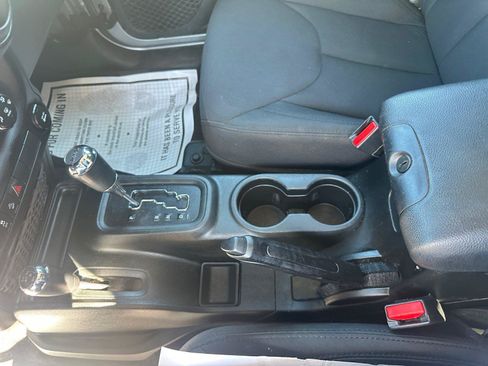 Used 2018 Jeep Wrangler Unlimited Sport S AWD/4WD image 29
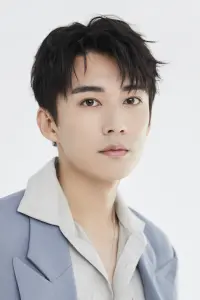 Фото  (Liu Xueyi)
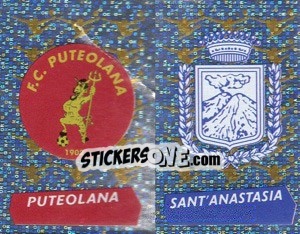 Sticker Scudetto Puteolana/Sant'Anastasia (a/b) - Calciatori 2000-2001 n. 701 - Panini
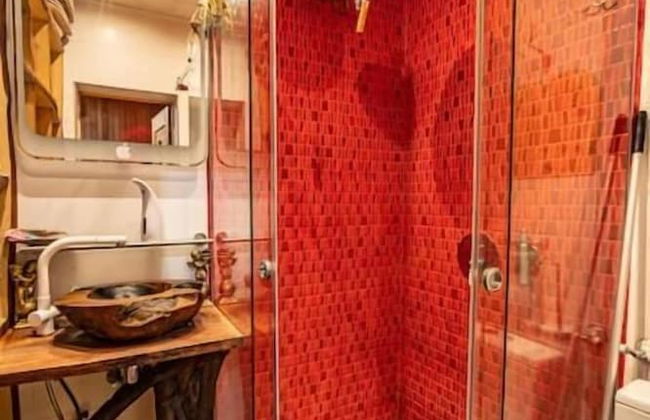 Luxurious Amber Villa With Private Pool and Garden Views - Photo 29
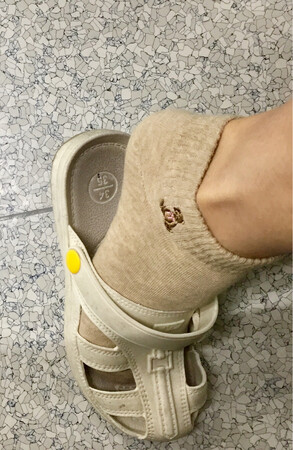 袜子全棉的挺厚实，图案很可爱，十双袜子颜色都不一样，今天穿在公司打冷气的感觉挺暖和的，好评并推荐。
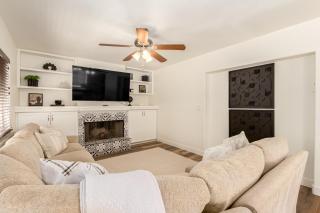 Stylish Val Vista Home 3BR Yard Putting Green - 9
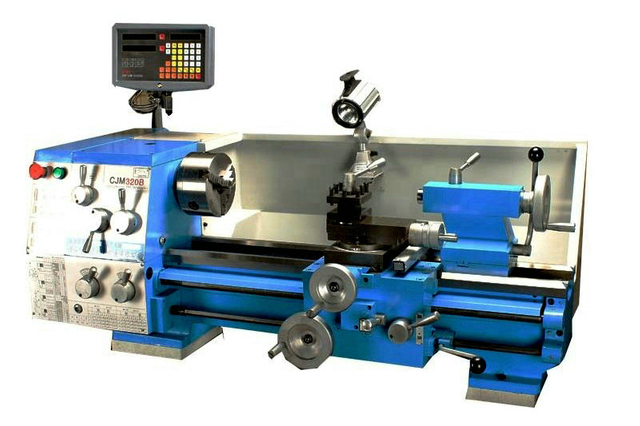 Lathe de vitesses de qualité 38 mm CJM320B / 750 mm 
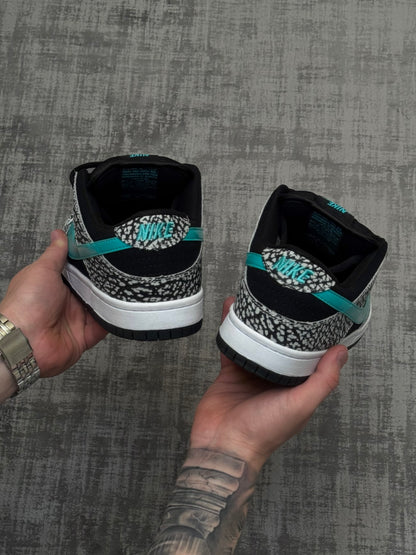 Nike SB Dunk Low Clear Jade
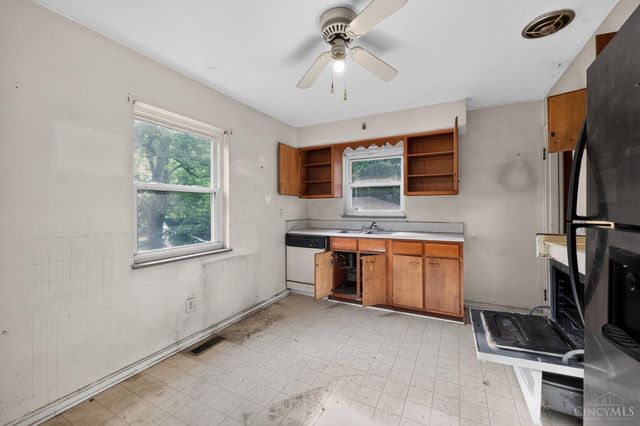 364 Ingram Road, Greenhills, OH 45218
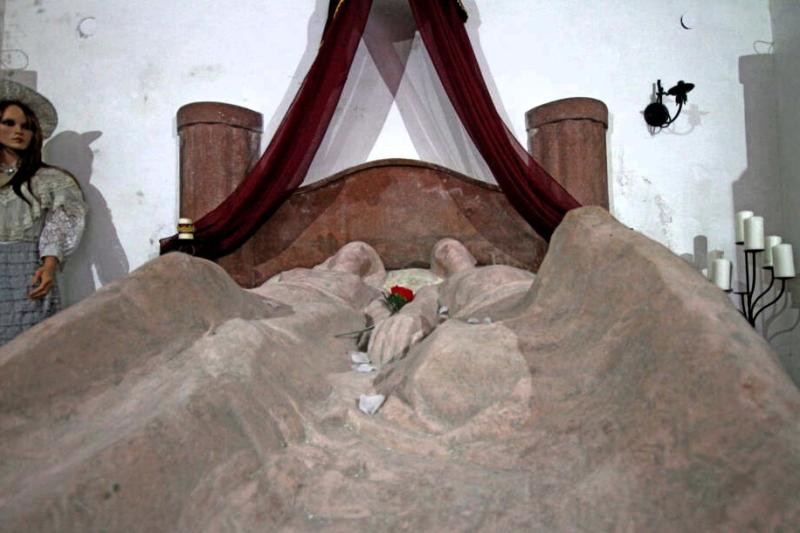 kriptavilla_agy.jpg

══════════

Your objective:
Without the images, print all of the lines above exactly.

Exercise answer:
 Used 2018 Jeep Wrangler Unlimited Sport S AWD/4WD image 29
 Фото  (Liu Xueyi)
 Sticker Scudetto Puteolana/Sant'Anastasia (a/b) - Calciatori 2000-2001 n. 701 - Panini
 Luxurious Amber Villa With Private Pool and Garden Views - Photo 29
 袜子全棉的挺厚实，图案很可爱，十双袜子颜色都不一样，今天穿在公司打冷气的感觉挺暖和的，好评并推荐。
 Stylish Val Vista Home 3BR Yard Putting Green - 9
 Lathe de vitesses de qualité 38 mm CJM320B / 750 mm 
 Nike SB Dunk Low Clear Jade
 364 Ingram Road, Greenhills, OH 45218
 kriptavilla_agy.jpg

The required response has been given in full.